*ACTIVITY*
When copying the data below, keep only the lines from the one with "I use this little" through the one with "First off, there", word for word, and skip the pictures.

*GIVEN DATA*
- - - - - - -

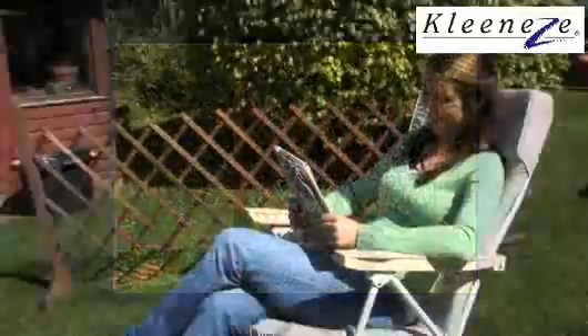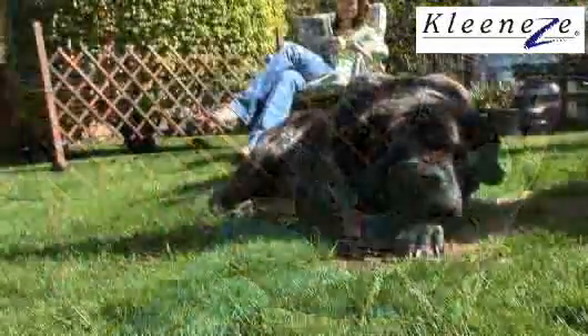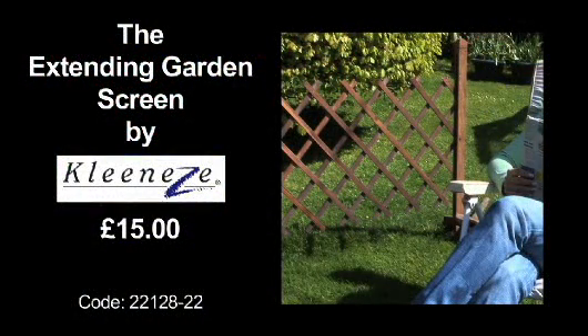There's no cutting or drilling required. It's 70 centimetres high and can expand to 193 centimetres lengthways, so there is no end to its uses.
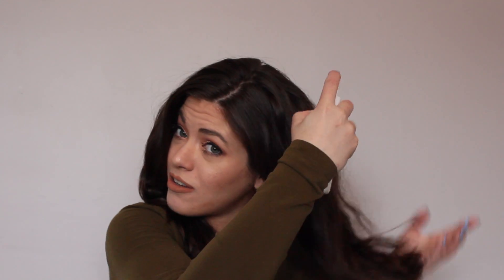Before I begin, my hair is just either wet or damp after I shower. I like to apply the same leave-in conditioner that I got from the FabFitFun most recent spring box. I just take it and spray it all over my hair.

- - - - - - -

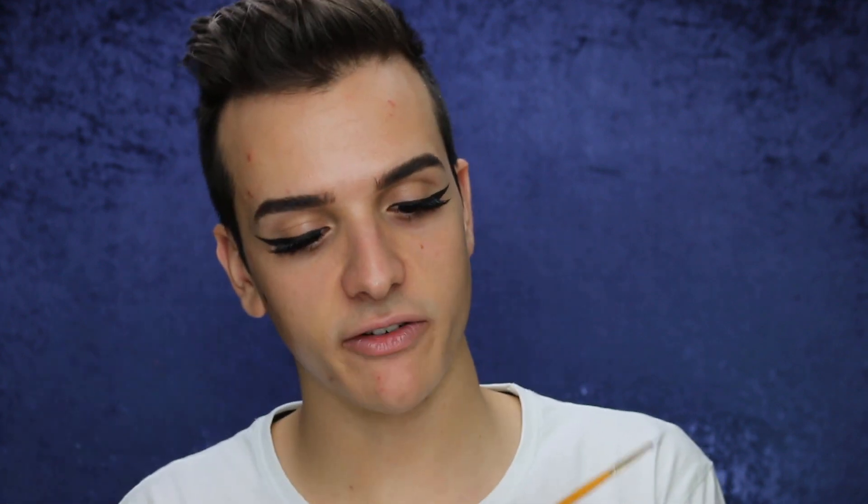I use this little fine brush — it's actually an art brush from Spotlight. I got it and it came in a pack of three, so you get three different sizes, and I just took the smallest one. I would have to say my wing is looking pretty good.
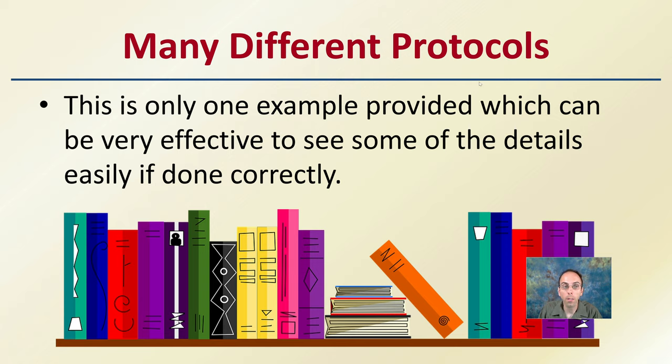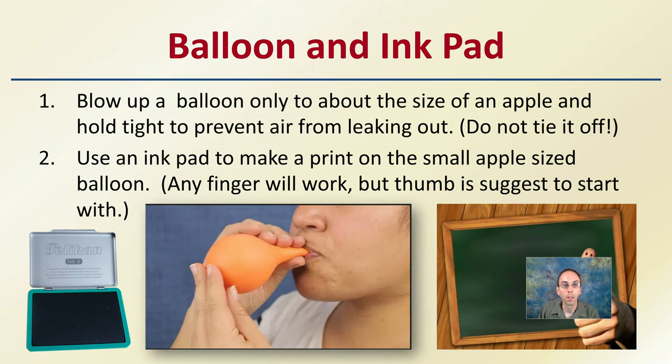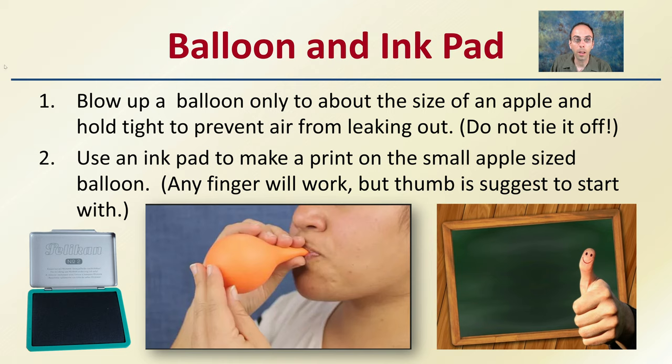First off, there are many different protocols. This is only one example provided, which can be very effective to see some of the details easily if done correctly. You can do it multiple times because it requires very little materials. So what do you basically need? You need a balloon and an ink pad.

- - - - - - -

*WRITTEN RESPONSE*
I use this little fine brush — it's actually an art brush from Spotlight. I got it and it came in a pack of three, so you get three different sizes, and I just took the smallest one. I would have to say my wing is looking pretty good.
First off, there are many different protocols. This is only one example provided, which can be very effective to see some of the details easily if done correctly. You can do it multiple times because it requires very little materials. So what do you basically need? You need a balloon and an ink pad.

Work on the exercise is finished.